-- Material supplied follows --

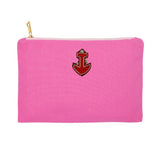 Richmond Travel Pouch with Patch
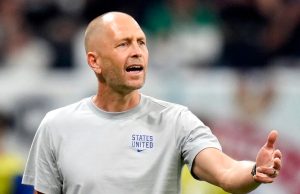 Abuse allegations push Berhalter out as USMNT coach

-- Material supplied concluded --
-- Material supplied follows --

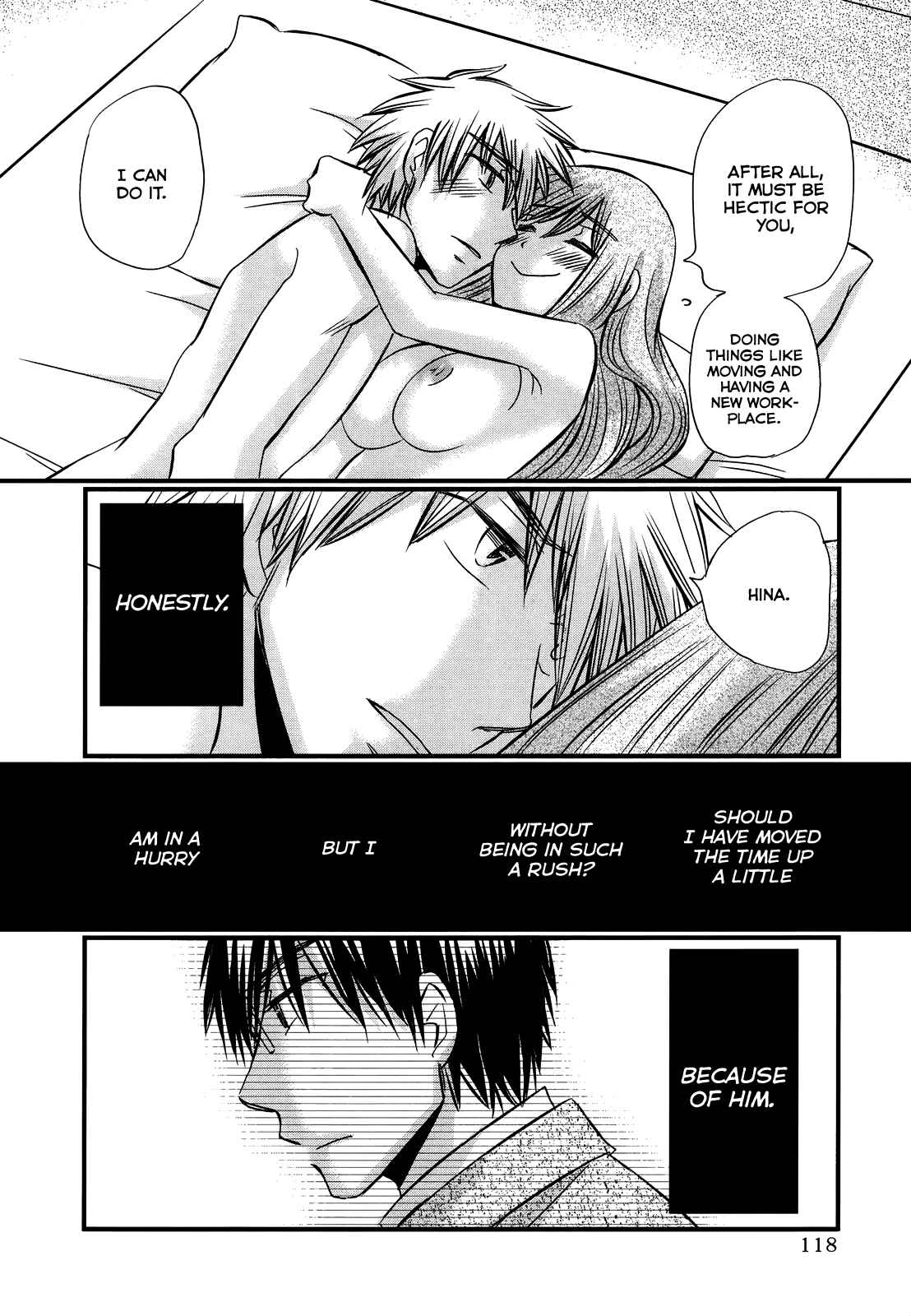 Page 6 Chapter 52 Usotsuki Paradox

-- Material supplied concluded --
-- Material supplied follows --

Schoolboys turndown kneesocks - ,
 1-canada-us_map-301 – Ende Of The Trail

-- Material supplied concluded --

## Your objective
Both the line containing "Richmond Travel Pouch with Patch" and the line containing "Abuse allegations push" above belong in the output, as do the lines between them. Print them exactly, without pictures.

## Task output
 Richmond Travel Pouch with Patch
 Abuse allegations push Berhalter out as USMNT coach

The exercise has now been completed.